Als Geschäftsbrief wird die Briefform zwischen „Geschäftspartnern“ (Geschäft – Geschäft, aber auch Privatperson – Geschäft und umgekehrt) bezeichnet. Es gibt zwei verschiedene DIN-Normen, die Anwendung finden:
1. DIN 5008:
legt Schreib- und Gestaltungsregeln für die Textverarbeitung fest. Sie gehört zu den grundlegenden Normen für Arbeiten im Büro- und Verwaltungsbereich.

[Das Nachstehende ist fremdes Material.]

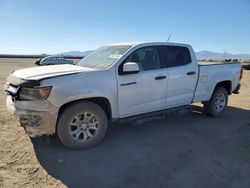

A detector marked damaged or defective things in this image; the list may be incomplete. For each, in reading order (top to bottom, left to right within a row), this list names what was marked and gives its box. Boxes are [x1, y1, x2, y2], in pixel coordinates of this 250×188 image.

damaged front bumper [6, 95, 58, 137]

Folgende Briefbausteine finden dabei
Verwendung:
* Absenderangaben,
* Kalenderdatum,
* Empfängerdaten,
* Betreff,
* Anrede,
* Text,
* Schlussformel („Gruß“),
* Unterschrift,
* Anlagenvermerk,
* Verteilervermerk und
* das Postskriptum
2. DIN 676:
findet bei der Gestaltung eines Geschäftsbriefes Verwendung. Dort sind genaue Maßangaben für die DIN-gerechte Aufteilung von DIN-A4-Seiten angegeben. Gemeint ist das Briefbogen-Layout, das in der
Regel durch einen Grafiker oder Mediengestalter erstellt wird und als Vordruck im Offsetdruck oder Digitaldruck vorproduziert wird, damit mit diesen Geschäftsbriefbogen anschließend ein Brief
nach DIN 5008 erstellt werden kann.
Es gibt zwei verschiedene Formblätter (A und B):
A für Geschäftsbriefe mit kleinem Briefkopf
B für Geschäftsbriefe mit erweitertem Briefkopf
Die Hauptbestandteile für das Layout nach DIN 676 sind:
* ganz oben Briefkopf (Name und ggf. Logografie des Absenders),
* Fensterzeile mit Anschrift, die im Briefkuvert-Fenster später erscheint,
* Falzmarke (ein Brief wird von oben gemessen auf 87 x 105 x 105 mm gefalzt),
* Lochmarke (in der Mitte des Briefbogens am linken Rand auf 148,5 mm)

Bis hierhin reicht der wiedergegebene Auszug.